Por: Muhammad Ibrahim, candidato a director general del IICA (2026–2030)
Cuando hablamos de agricultura en las Américas hablamos de miles de historias que se entrelazan. Es la familia caribeña que cultiva hortalizas para abastecer a su comunidad, aun frente a la dependencia de importaciones. Es el pequeño productor de Centroamérica que, con café o cacao, asegura el ingreso familiar y preserva una tradición. Es el agricultor del Cono Sur que integra cultivos, ganadería y bosques para recuperar suelos. Es el productor de América del Norte que invierte en tecnología de punta para generar alimentos, fibras y bioenergías. Son realidades distintas, unidas por un hilo común: sin agricultores fuertes, no hay seguridad alimentaria ni prosperidad. El mundo tendrá unos 10,000 millones de habitantes en 2050, lo que exige un salto consistente en la oferta de alimentos. El aumento proyectado ronda la mitad del volumen productivo actual.Esto dimensiona la responsabilidad de las Américas, un continente que, al mismo tiempo, sostiene grandes exportaciones y alberga mercados que aún dependen de importaciones, y está tejido por un mosaico de agricultores familiares que sostienen mercados locales y la vida de las comunidades.

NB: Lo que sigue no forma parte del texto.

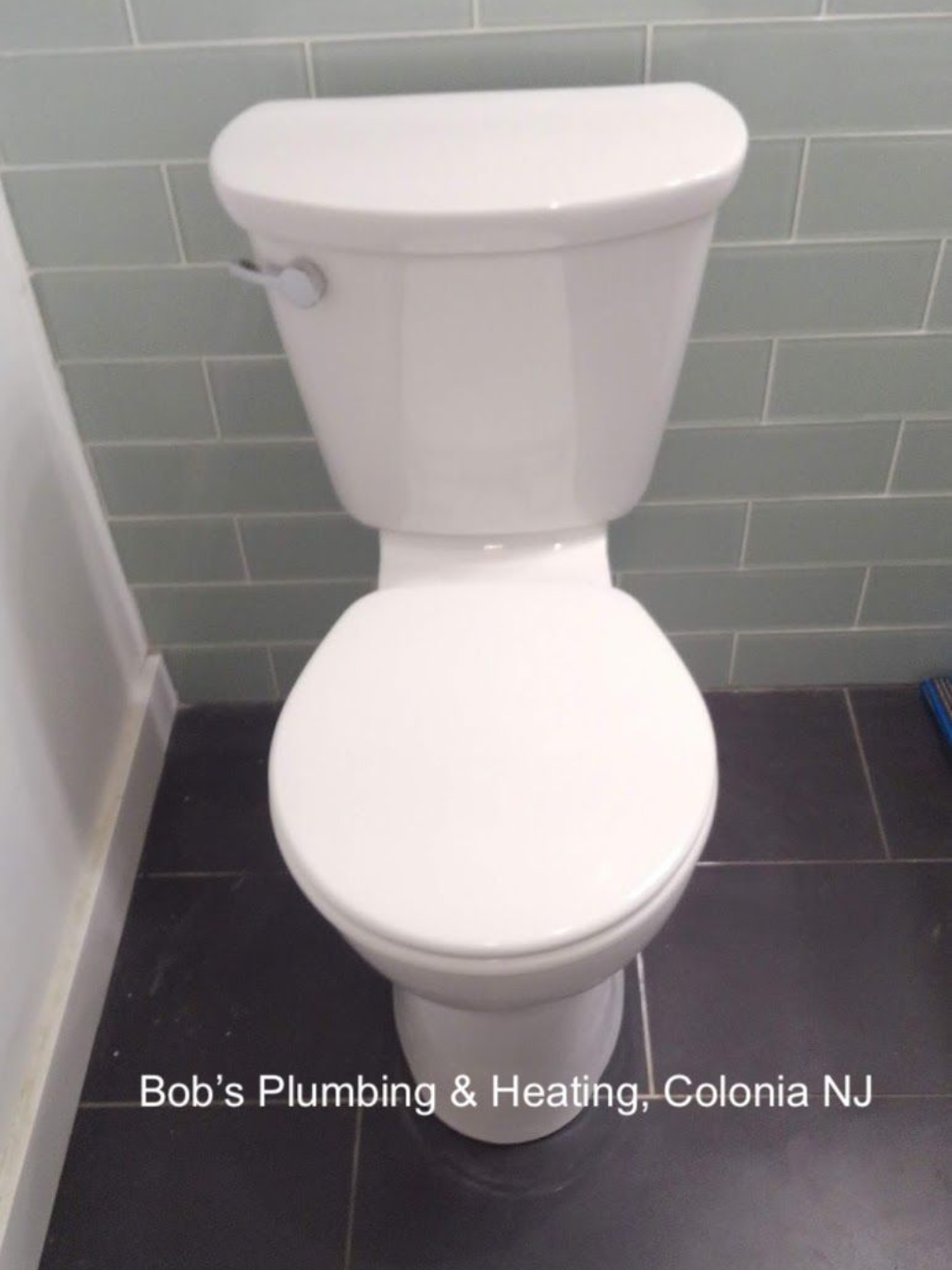 White toilet in a bathroom with blue-green tiled wall and dark floor.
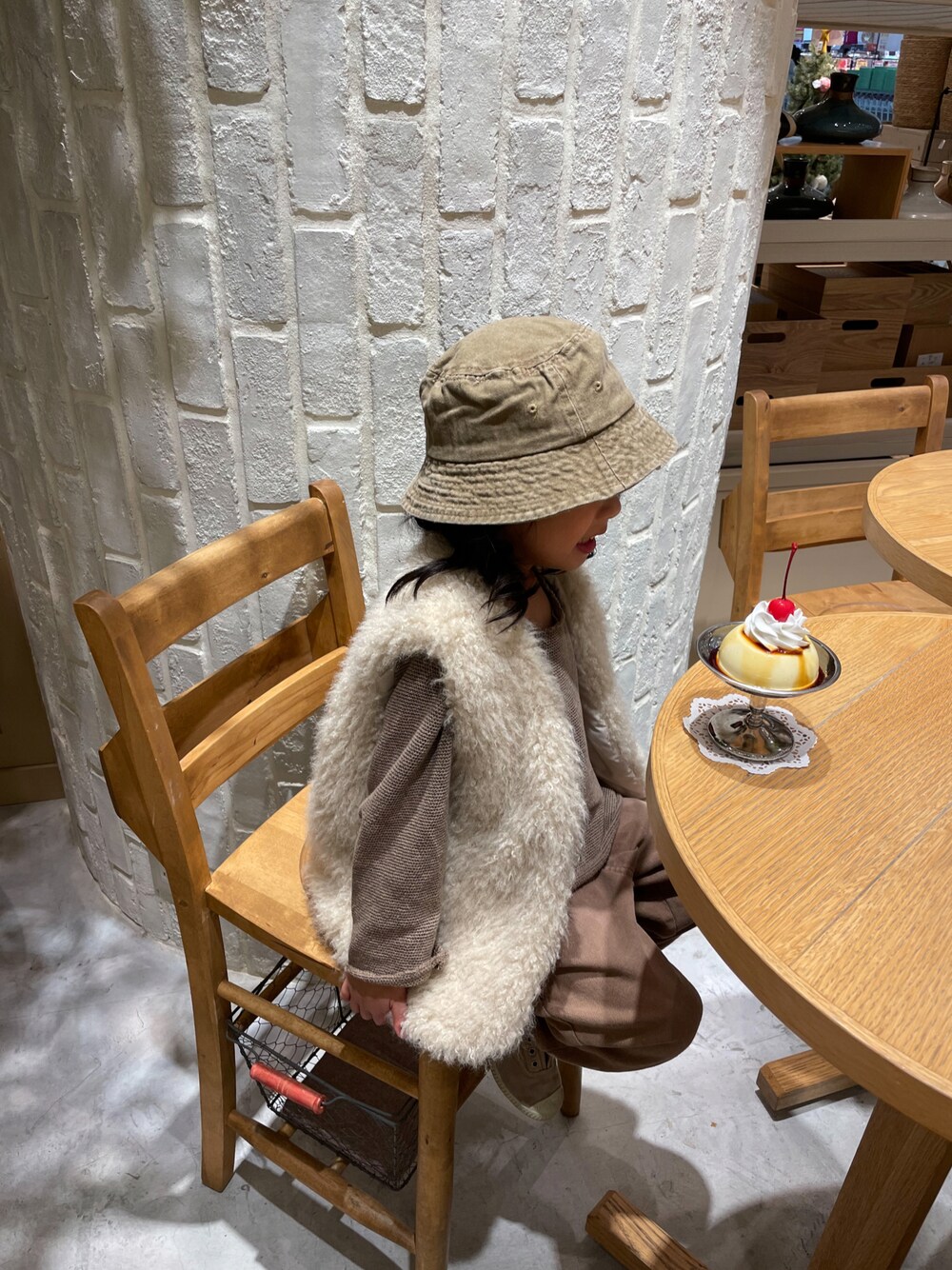 ホワイト系のベスト、ブラウン系のハットを着用したキッズの冬コーディネートの1枚目の写真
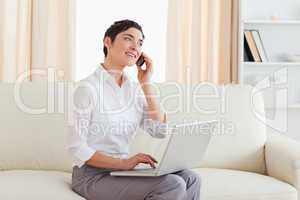 Gorgeous woman with a laptop and a phone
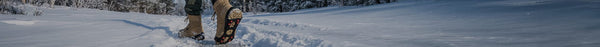 A person wearing tan boots with ice cleats walks through deep, sunlit snow, leaving footprints in a winter forest.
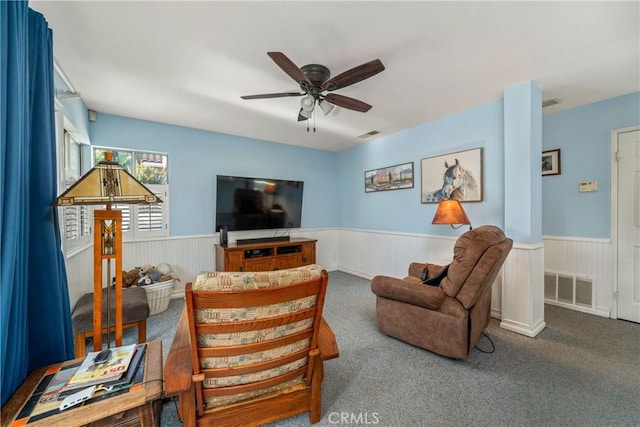 10880 Colusa St, Rancho Cucamonga, CA 91701 - carpeted living area featuring a wainscoted wall and ceiling fan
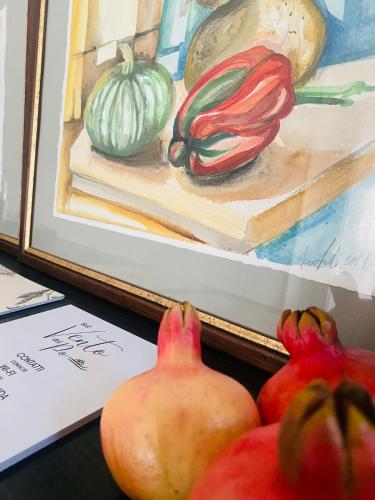 a painting of pomegranates and other vegetables in front of a painting at Sul VenTo del Po in Melara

La diversidad es una fortaleza, pero también evidencia desafíos. Conviven cadenas mecanizadas que abastecen el comercio internacional y territorios que aún carecen de crédito, asistencia técnica, infraestructura y acceso a mercados. Se suma un dato insoslayable: alrededor del 30% de las áreas agrícolas de la región están degradadas. La respuesta no está en abrir nuevas fronteras agrícolas, sino en recuperar tierras existentes e intensificar la producción con inteligencia y tecnología.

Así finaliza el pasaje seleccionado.